The bird lived for about a month after that, thanks to her action and the efforts of a rehabilitator named Craig Newman whose nonprofit organization took the bird in and tried to rehabilitate it.

His best efforts failed, and the bird died.

Tanya is trying to make something good out of something really sad right now.  She’s working on fund-raising to help Mr. Newman’s organization continue to do its good work rehabilitating birds when possible and releasing them back to the wild.  The organization, called Outreach for Earth Stewardship, cares for 13 birds at Shelburne Farms, including an American kestrel and owls.  Birds that can’t be released are kept for educational purposes, in hopes kids who see them close-up will grow up to be people who won’t shoot them.

I am very much a supporter of hunting, but good hunters don’t use a magnificent creature like an osprey for target practice.  Good hunters don’t shoot a bird like that by accident, either, because good hunters know what they are shooting at — always.  It is a federal crime to shoot an osprey, and if anyone knows who did it, they should report that person.

Here’s where the small world part comes in.  My daughter, Katie, a student at the University of New England in Biddeford, Maine, is studying bobolinks and other grassland birds this summer as part of her education in the major of psychobiology.

Her study takes her to Shelburne Farms — where the birds Mr.
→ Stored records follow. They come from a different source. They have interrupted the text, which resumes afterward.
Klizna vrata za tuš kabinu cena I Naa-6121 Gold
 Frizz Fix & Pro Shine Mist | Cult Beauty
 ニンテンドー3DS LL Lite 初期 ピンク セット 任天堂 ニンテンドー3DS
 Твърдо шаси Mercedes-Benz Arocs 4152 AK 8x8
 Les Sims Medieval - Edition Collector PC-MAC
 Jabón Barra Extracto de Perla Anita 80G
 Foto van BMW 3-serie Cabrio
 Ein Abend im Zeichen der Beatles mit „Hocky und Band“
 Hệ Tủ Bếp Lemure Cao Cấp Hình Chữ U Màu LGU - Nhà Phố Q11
Newman cares for are housed.  Hopefully she will get to meet him and see the birds he’s taking care of there.

Back home at the Chronicle’s web site, we are starting to post some of the current week’s news stories, in an ongoing effort to collaborate with VTDigger.

This week we are featuring the news about the Town Meeting in Albany about the Lowell wind project, and a new brewery in Greensboro, Hill Farmstead. We got a chance to try it, and boy is it nice!

Hear, hear for great beer!


2 responses to “It’s a small world in offbeat animal news

  1. Thanks for mentioning me, but you forgot to add that Noah had told me that there was a raptor rehab place right next to one of the fields we were working in the same day that you told me that Craig’s place was on Shelburne Farms! I thought that was too funny. But Lindsay and I went up and checked it out today, it’s a really cool set-up with four out door aviaries tucked away in the woods and a couple outdoors next to one of the buildings on the farm. I’m headed up there again on Sunday to volunteer up there, I’m really looking forward to it!

  2. Indeed, Bethany, it is a federal crime to shoot ALL wild birds that are non-game species, with the very slim exception of those birds that belong to a nuisance (invasive) species, like starlings or certain sparrows, and it’s legal to shoot them only with permission granted based on the specific nature of their intrusion.